→ **DIRECTIONS FOR THIS TASK**: Transcribe the data that follows in full. Leave out the pictures.

→ **COLLECTED DATA**:
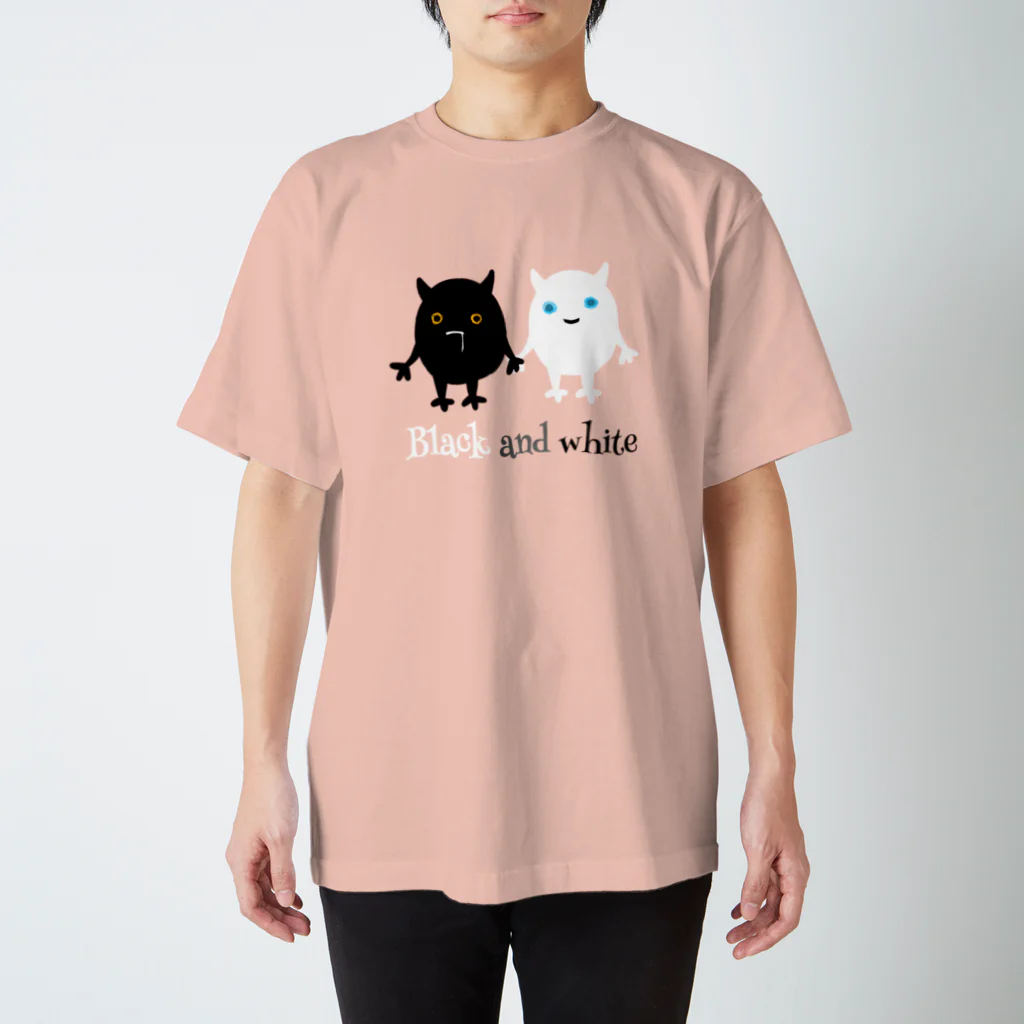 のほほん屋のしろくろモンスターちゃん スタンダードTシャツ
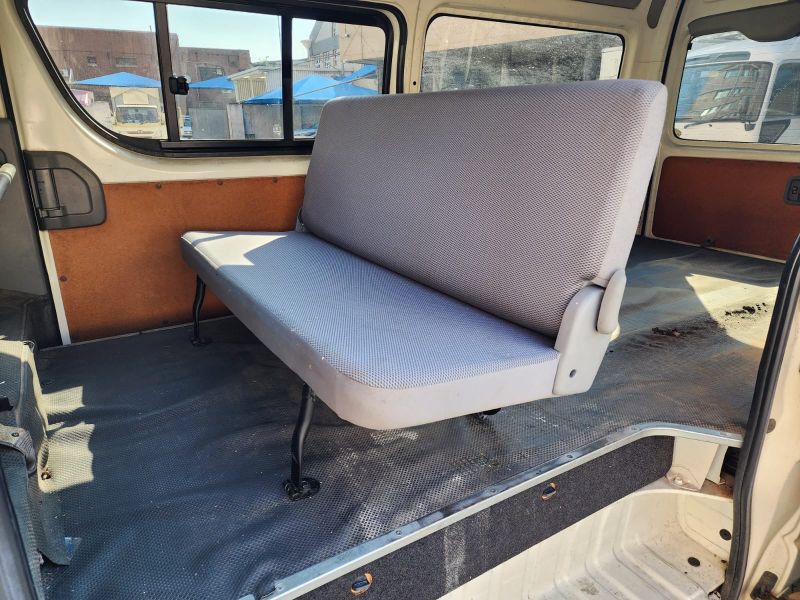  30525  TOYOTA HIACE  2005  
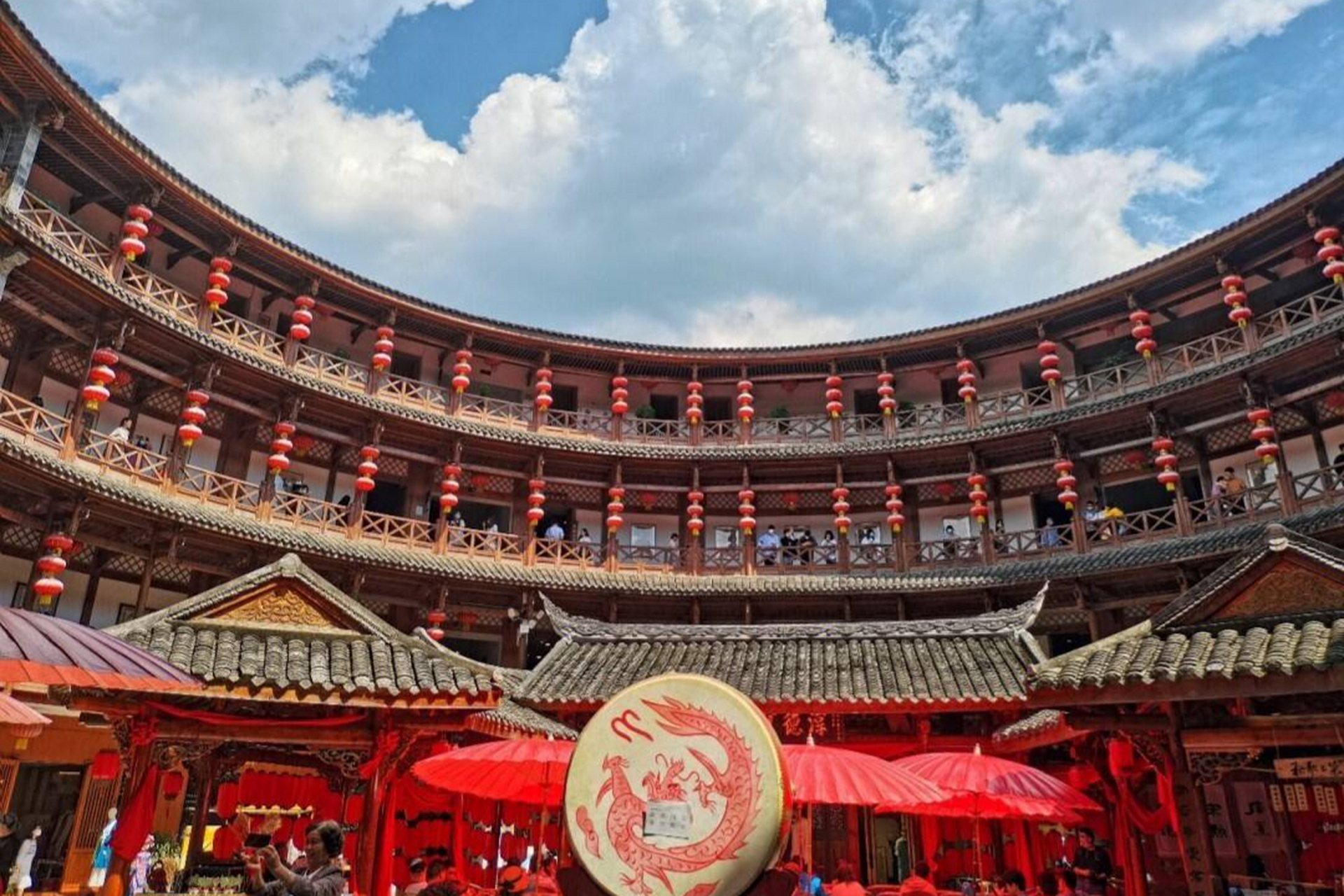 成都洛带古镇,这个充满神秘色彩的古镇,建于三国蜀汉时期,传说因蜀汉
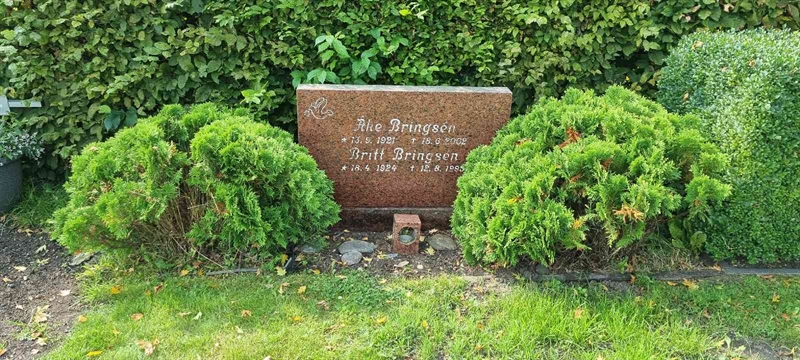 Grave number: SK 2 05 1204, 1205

→ **RESULT**:
 のほほん屋のしろくろモンスターちゃん スタンダードTシャツ
  30525  TOYOTA HIACE  2005  
 成都洛带古镇,这个充满神秘色彩的古镇,建于三国蜀汉时期,传说因蜀汉
 Grave number: SK 2 05 1204, 1205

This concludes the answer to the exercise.